(Input)
★ ★ ★ ★ ★ ★ ★

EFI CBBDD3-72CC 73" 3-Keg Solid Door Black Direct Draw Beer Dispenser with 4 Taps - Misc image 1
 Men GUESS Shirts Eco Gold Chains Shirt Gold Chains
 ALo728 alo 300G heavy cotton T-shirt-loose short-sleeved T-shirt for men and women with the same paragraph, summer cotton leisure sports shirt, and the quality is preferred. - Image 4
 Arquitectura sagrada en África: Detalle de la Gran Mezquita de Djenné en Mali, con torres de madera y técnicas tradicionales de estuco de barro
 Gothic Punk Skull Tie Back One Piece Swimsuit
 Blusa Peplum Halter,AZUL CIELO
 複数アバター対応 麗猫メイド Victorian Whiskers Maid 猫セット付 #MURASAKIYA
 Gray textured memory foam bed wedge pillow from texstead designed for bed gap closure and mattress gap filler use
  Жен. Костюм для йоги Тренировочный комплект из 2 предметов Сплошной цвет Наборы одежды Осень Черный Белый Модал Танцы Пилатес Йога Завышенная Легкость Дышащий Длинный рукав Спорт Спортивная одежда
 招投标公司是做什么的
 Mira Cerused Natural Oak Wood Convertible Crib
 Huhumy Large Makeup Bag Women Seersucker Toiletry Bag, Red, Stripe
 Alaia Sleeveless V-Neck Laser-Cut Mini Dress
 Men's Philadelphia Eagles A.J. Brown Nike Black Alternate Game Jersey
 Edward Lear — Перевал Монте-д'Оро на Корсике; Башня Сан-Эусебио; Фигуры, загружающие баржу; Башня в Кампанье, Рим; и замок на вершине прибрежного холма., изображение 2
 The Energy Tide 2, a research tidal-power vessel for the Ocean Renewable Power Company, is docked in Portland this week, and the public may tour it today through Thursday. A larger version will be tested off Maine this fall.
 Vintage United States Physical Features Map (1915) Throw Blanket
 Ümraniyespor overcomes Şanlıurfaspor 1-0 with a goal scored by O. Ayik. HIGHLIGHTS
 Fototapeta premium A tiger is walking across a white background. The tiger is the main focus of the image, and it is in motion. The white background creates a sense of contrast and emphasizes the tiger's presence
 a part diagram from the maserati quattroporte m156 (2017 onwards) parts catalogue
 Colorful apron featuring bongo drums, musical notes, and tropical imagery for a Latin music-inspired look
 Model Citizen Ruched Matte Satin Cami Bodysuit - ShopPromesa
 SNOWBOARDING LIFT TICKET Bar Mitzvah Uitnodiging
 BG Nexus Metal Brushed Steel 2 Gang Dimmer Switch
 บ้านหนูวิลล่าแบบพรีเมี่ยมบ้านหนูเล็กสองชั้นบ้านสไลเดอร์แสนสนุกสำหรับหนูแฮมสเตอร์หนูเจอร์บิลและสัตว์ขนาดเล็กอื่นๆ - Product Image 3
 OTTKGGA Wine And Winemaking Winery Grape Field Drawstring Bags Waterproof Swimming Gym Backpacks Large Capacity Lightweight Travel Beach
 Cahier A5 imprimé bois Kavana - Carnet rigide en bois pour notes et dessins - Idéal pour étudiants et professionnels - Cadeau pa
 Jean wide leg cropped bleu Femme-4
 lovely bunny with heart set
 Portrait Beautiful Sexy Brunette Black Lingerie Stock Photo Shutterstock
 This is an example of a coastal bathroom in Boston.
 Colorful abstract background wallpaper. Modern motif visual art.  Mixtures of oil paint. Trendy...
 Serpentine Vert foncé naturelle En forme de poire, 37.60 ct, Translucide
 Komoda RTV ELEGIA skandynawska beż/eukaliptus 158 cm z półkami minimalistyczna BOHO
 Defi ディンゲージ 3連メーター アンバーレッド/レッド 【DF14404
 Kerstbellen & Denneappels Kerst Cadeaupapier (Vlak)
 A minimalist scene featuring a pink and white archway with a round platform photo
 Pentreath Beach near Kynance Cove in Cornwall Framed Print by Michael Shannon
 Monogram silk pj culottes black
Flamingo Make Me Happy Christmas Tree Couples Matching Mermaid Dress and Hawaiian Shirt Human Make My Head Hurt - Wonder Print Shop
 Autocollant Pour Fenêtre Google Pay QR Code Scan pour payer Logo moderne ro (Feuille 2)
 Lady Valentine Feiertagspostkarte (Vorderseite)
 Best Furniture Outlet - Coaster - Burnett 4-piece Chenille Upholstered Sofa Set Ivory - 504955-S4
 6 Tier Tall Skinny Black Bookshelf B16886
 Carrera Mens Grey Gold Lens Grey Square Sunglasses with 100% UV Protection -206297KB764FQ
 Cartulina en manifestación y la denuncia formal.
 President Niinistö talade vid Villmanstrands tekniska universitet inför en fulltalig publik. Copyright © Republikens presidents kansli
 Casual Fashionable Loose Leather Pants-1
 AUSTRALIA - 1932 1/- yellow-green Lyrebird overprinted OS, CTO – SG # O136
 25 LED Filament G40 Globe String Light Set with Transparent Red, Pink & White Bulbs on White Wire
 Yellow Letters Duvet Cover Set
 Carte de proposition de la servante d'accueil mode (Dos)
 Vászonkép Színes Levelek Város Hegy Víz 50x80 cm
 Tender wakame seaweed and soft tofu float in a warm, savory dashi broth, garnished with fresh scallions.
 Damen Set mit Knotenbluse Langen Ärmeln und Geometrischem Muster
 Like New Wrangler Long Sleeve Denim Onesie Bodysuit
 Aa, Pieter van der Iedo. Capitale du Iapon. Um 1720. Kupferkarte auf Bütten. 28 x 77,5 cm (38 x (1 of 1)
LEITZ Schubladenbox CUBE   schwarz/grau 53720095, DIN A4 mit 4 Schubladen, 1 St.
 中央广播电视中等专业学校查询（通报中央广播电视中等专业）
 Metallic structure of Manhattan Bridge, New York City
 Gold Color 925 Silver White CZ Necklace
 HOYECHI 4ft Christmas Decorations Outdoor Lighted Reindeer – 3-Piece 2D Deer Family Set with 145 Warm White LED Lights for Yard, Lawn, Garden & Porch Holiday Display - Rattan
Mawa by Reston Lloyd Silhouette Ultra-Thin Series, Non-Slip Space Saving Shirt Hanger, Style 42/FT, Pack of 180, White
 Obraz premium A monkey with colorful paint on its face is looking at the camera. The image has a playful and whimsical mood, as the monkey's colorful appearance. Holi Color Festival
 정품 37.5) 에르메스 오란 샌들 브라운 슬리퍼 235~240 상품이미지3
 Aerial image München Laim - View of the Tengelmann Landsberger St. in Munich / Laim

★ ★ ★ ★ ★ ★ ★

(Problem description)
Respond with the exact lines running from the one that contains "Carte de proposition" through the last line of the data above, and no other lines.

(Answer to this exercise)
 Carte de proposition de la servante d'accueil mode (Dos)
 Vászonkép Színes Levelek Város Hegy Víz 50x80 cm
 Tender wakame seaweed and soft tofu float in a warm, savory dashi broth, garnished with fresh scallions.
 Damen Set mit Knotenbluse Langen Ärmeln und Geometrischem Muster
 Like New Wrangler Long Sleeve Denim Onesie Bodysuit
 Aa, Pieter van der Iedo. Capitale du Iapon. Um 1720. Kupferkarte auf Bütten. 28 x 77,5 cm (38 x (1 of 1)
LEITZ Schubladenbox CUBE   schwarz/grau 53720095, DIN A4 mit 4 Schubladen, 1 St.
 中央广播电视中等专业学校查询（通报中央广播电视中等专业）
 Metallic structure of Manhattan Bridge, New York City
 Gold Color 925 Silver White CZ Necklace
 HOYECHI 4ft Christmas Decorations Outdoor Lighted Reindeer – 3-Piece 2D Deer Family Set with 145 Warm White LED Lights for Yard, Lawn, Garden & Porch Holiday Display - Rattan
Mawa by Reston Lloyd Silhouette Ultra-Thin Series, Non-Slip Space Saving Shirt Hanger, Style 42/FT, Pack of 180, White
 Obraz premium A monkey with colorful paint on its face is looking at the camera. The image has a playful and whimsical mood, as the monkey's colorful appearance. Holi Color Festival
 정품 37.5) 에르메스 오란 샌들 브라운 슬리퍼 235~240 상품이미지3
 Aerial image München Laim - View of the Tengelmann Landsberger St. in Munich / Laim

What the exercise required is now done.